Several historians have argued that ENSO is a powerful force shaping tropical habitats. In peninsular India, every major drought between 1526 and 1900 has been associated with El Niño events. Similarly, correlations between malaria cycles in Asia and South America with ENSO have been detected. Therefore, prediction of ENSO, and its relation with global climate anomalies, continues to be an important research effort in short-term climate forecasting. This task has become even more challenging as researchers are becoming more and more convinced that there is not a single archetypical El Niño (or La Niña) pattern, but several. During some events (called now Standard or East Pacific), the largest temperature anomalies are located at the eastern part of the Pacific. However, during some of the most recent events, the largest anomalies are restricted to the central part of the Pacific Ocean, and are now called Central Pacific or Modoki (a Japanese word for “almost”) events.

Although the role of salinity in operational ENSO forecasting was initially neglected (in contrast with temperature, sea level, or surface winds), recent studies have shown that salinity does play a role in the preconditioning of ENSO. Moreover, some researchers suggest that sea surface salinity might play a role (through the modulation of the western Pacific barrier layer) to favor the Standard or the Modoki nature of each event. To be able to routinely use salinity in ENSO operational forecasts, there was the need of a systematic source of salinity observations.

The SMOS and Aquarius missions represent the first essay to elucidate the actual capability of satellite imaging to determine sea surface salinity from microwave measurements of the brightness temperatures at the L-band (1.4 GHz). The main advantages of satellite measurements over in situ data (as the one provided by the TOGA/TAO array or by the Argo automatic profilers) are they spatial coverage, and they systematic overpass measuring any given location every few days. Thus, satellites are the most suited component of the ocean observing system to detect and track all large-scale, and various meso-scale, features present in the ocean surface. While this had been demonstrated for surface temperature and elevation, now the scientific community is finally assessing it for surface salinity.

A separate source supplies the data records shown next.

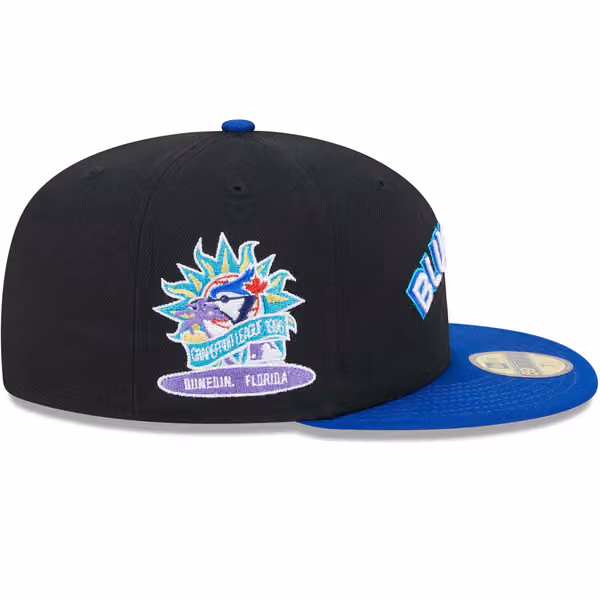 Toronto Blue Jays Retro 1996 Spring Training New Era 59FIFTY Fitted Cap Black view 5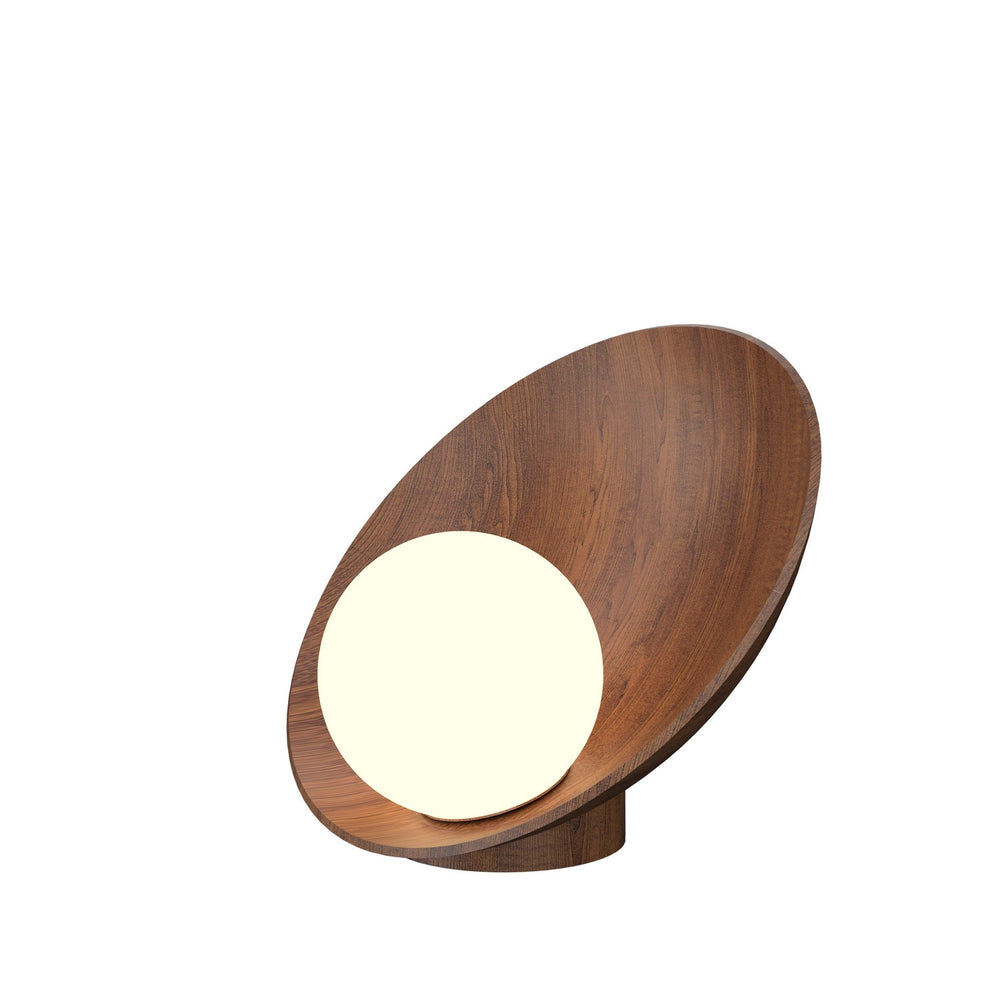 Accord Lighting - One Light Table Lamp - Oyster - Imbuia- Union Lighting Luminaires Decor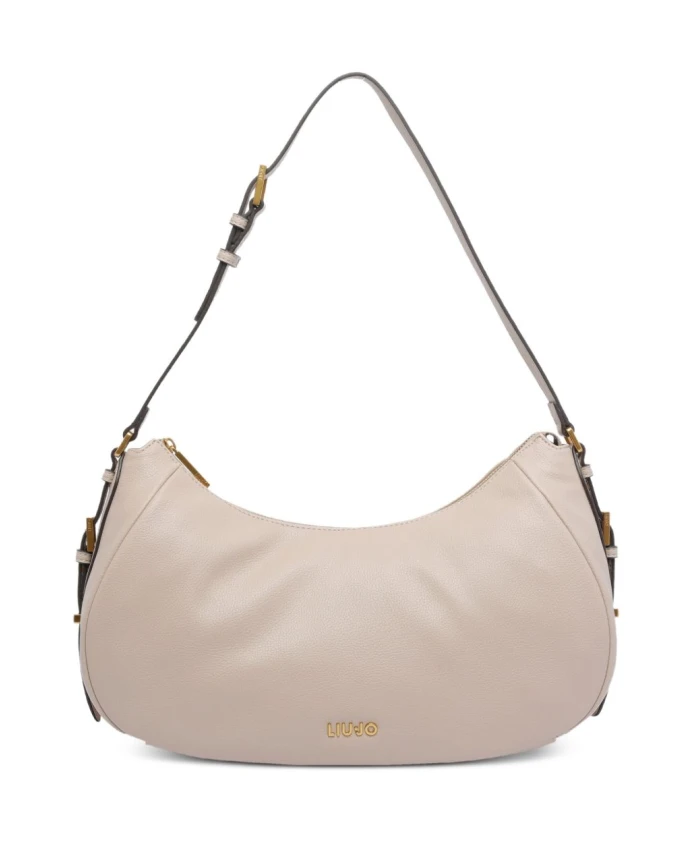 Изогнутая бежевая сумка через плечо с логотипом Liu Jo, бежевый
Изогнутая бежевая сумка через плечо с логотипом Liu Jo, бежевый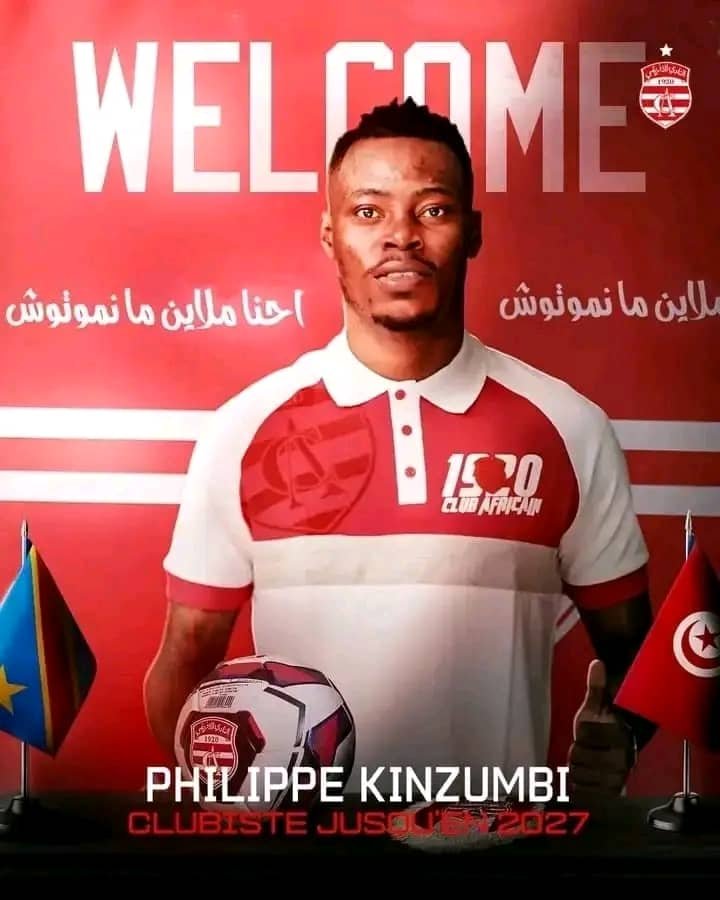 Philippe Kinzumbi signe au Club Africain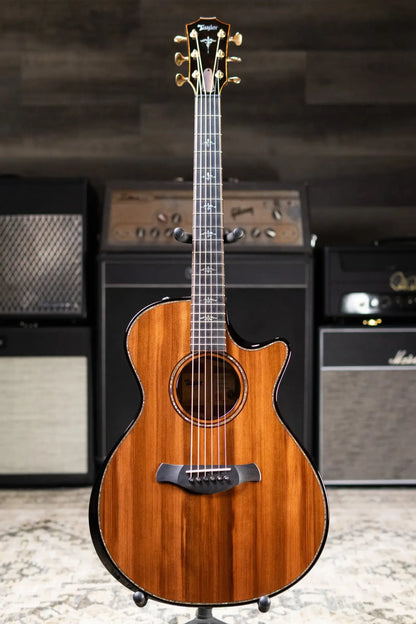 Taylor Builder's Edition 912ce Grand Concert Acoustic/Electric Guitar - Sinker Redwood/Honduran Rosewood with Hardshell Case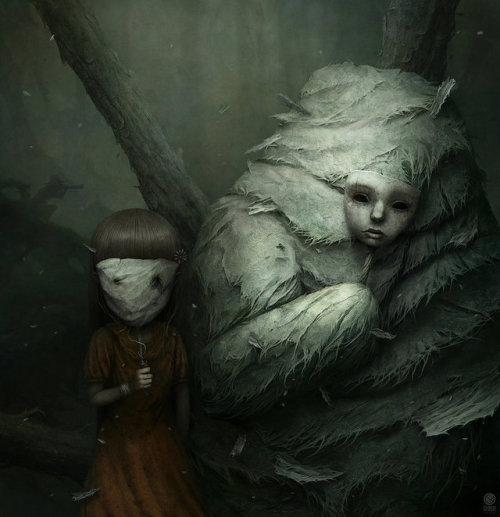 thecollectibles:Yin and Yang byAnton Semenov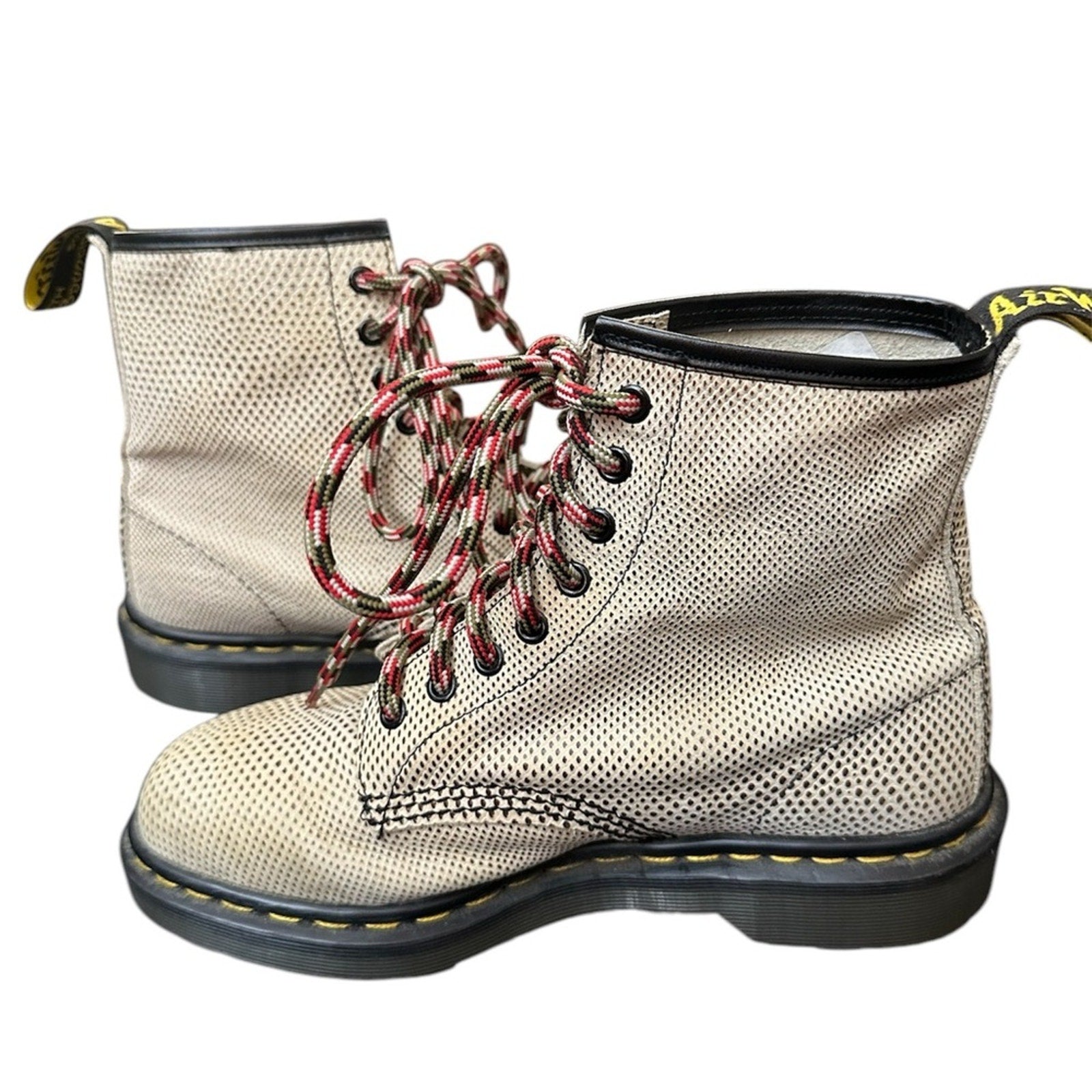 RARE Dr Martens 1460 Beige Snake Made in England - 9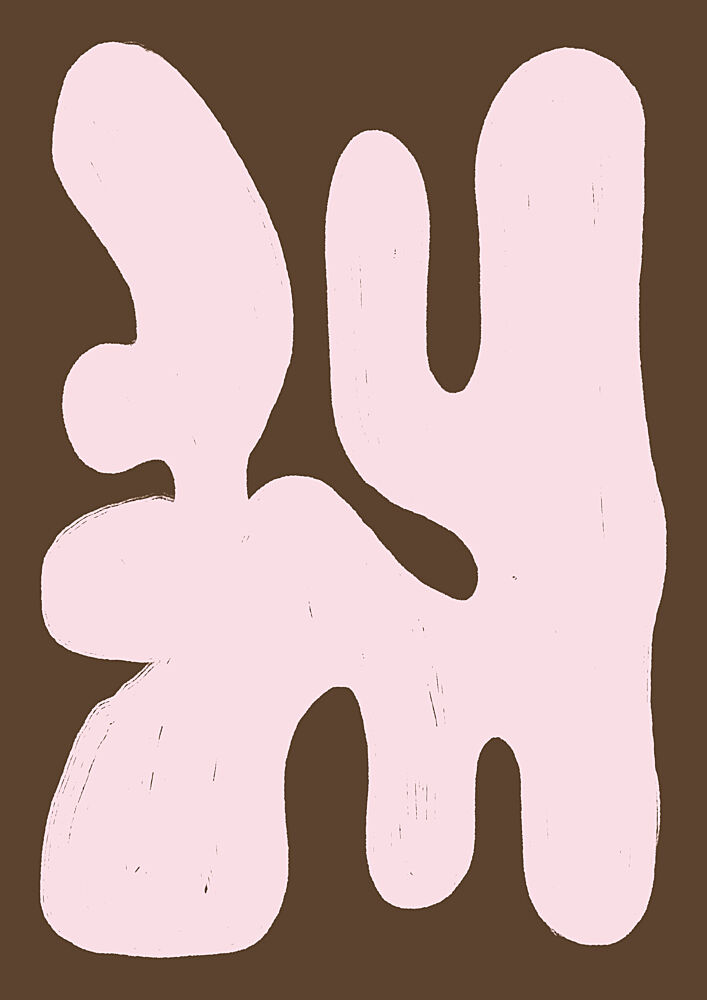 Blush Flowing Forms art print by Lisa Solomoniuk for $57.95 CAD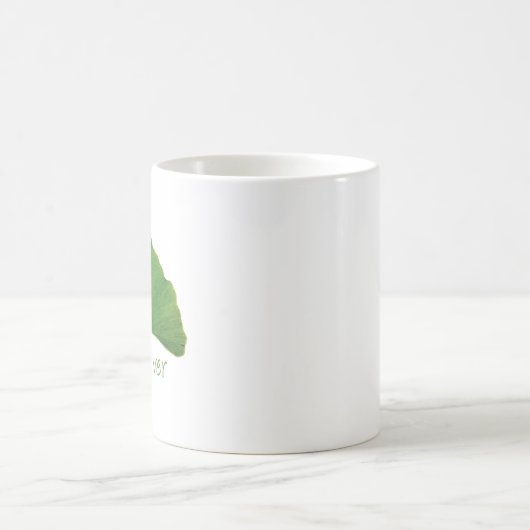 Baum Hugger, Leaf Lover - Ginkgo Kaffeetasse (Mittel)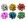 Rozeta  9cm glitr LUMA mix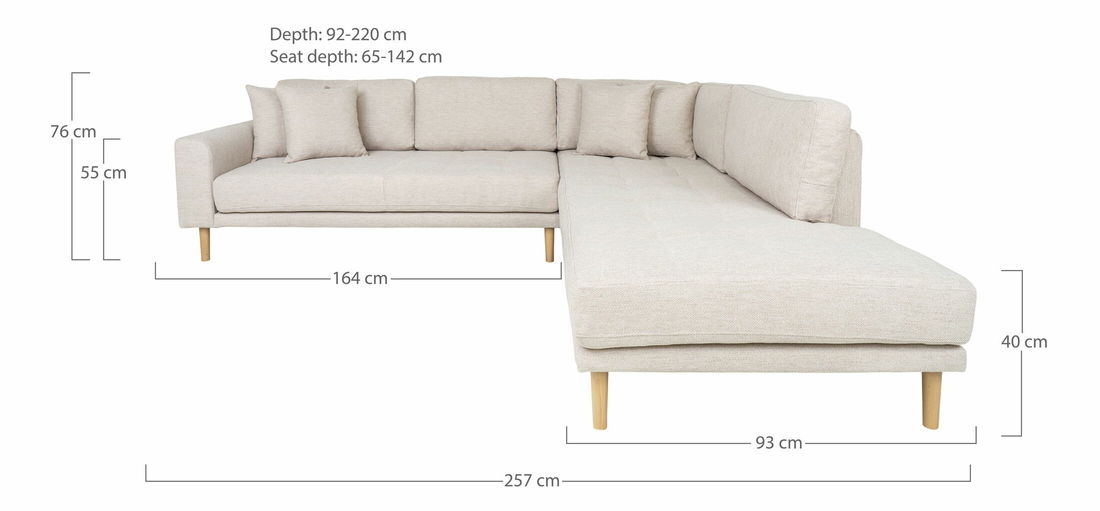 Colțar (D) Lvaveriaora L (nisip)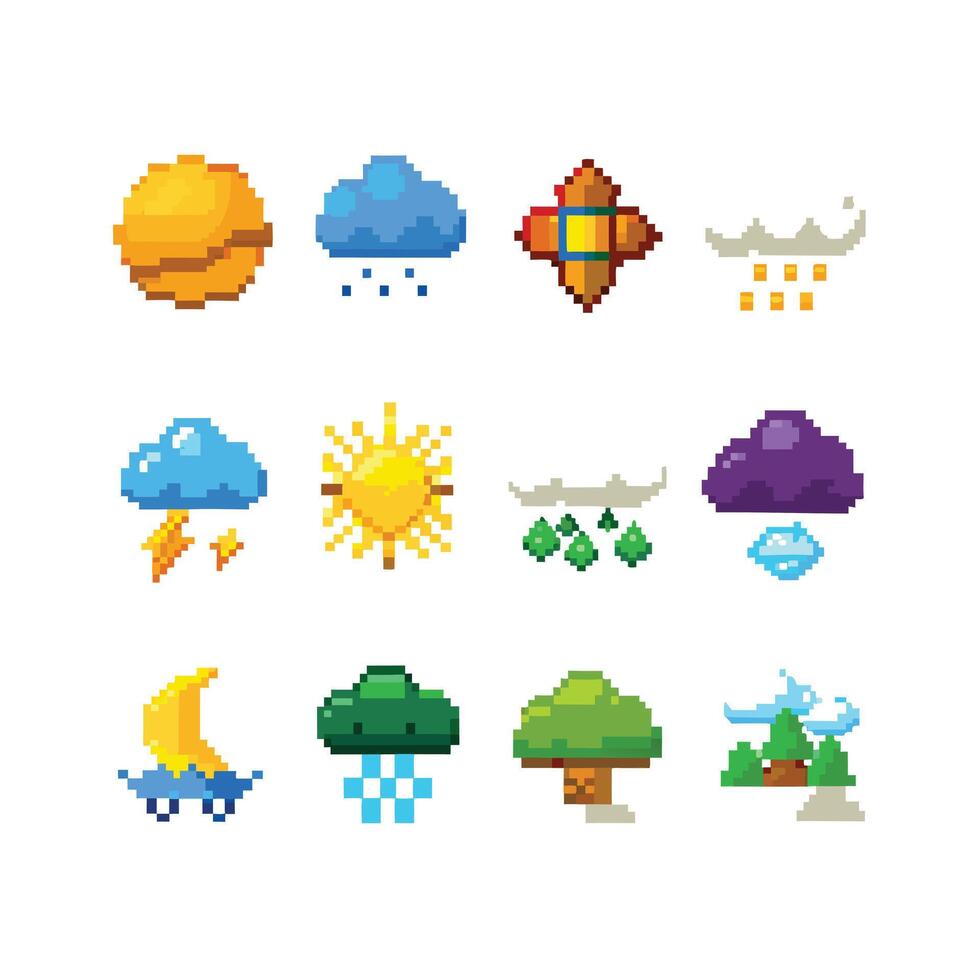 Weather Icon Set Collection for Websites and Mobile Applications vector
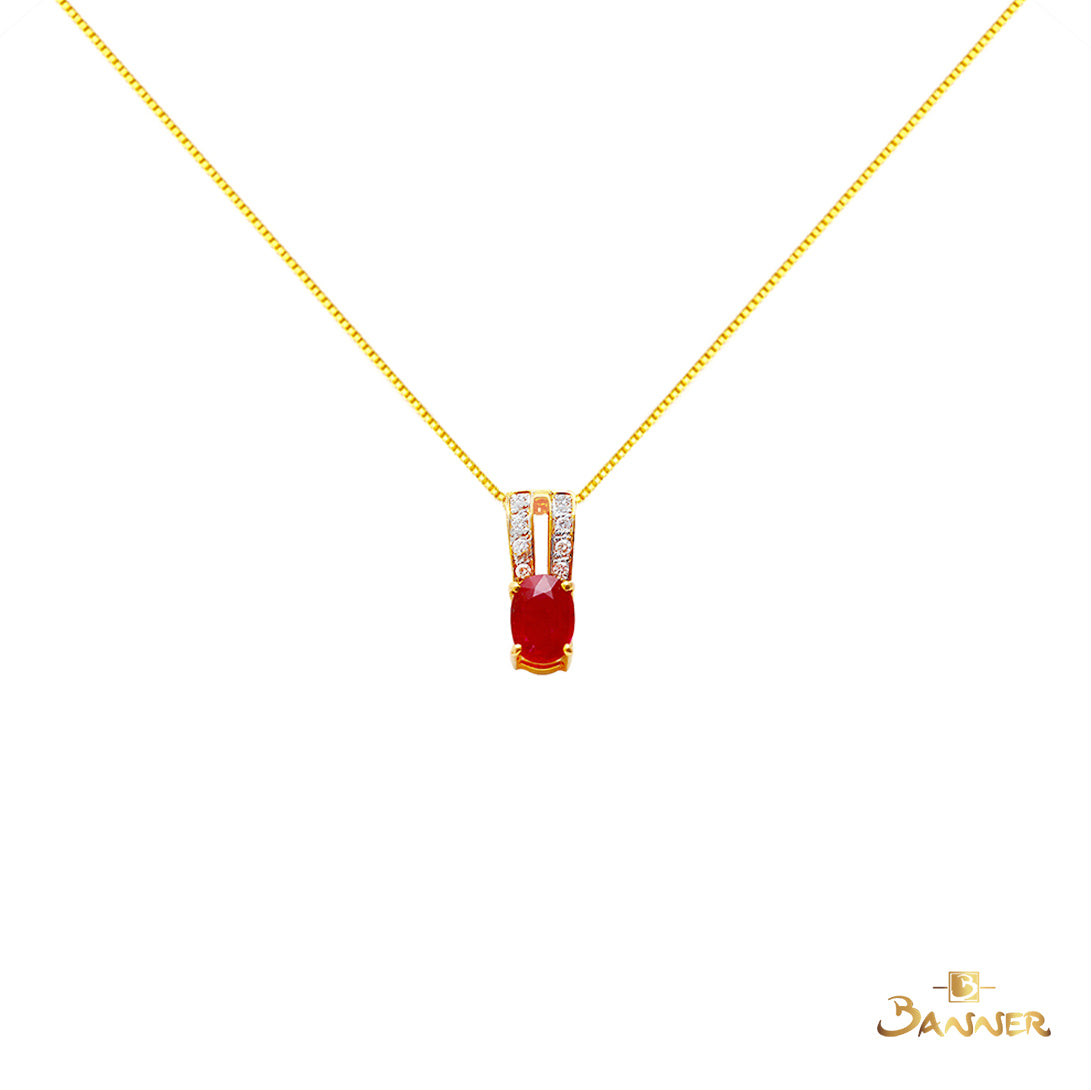 Ruby and Diamond Pendant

After three years of data, the results do show that despite the unexpected level of noise in the brightness data (due to natural and artificial sources of interferences), salinity retrievals allow to capture some of the intra-seasonal modulation of sea surface salinity in the tropical oceans as the figure below indicates, becoming already an appropriate source of complementary salinity data.

In situ and remotely sensed SSS data at 156E, 0N

Time evolution of the monthly averaged SSS during 2011. In red the in-situ value measured by a TAO mooring. In blue, the salinity from SMOS 0.25ºx0.25º binned product. In green, the 0.25ºx0.25º fusion product. The data fusion algorithm effectively reduces the noise of the binned data maps. The plot also displays the equivalent TAO data during the 2010.

 

Happy New Year,

Joaquim Ballabrera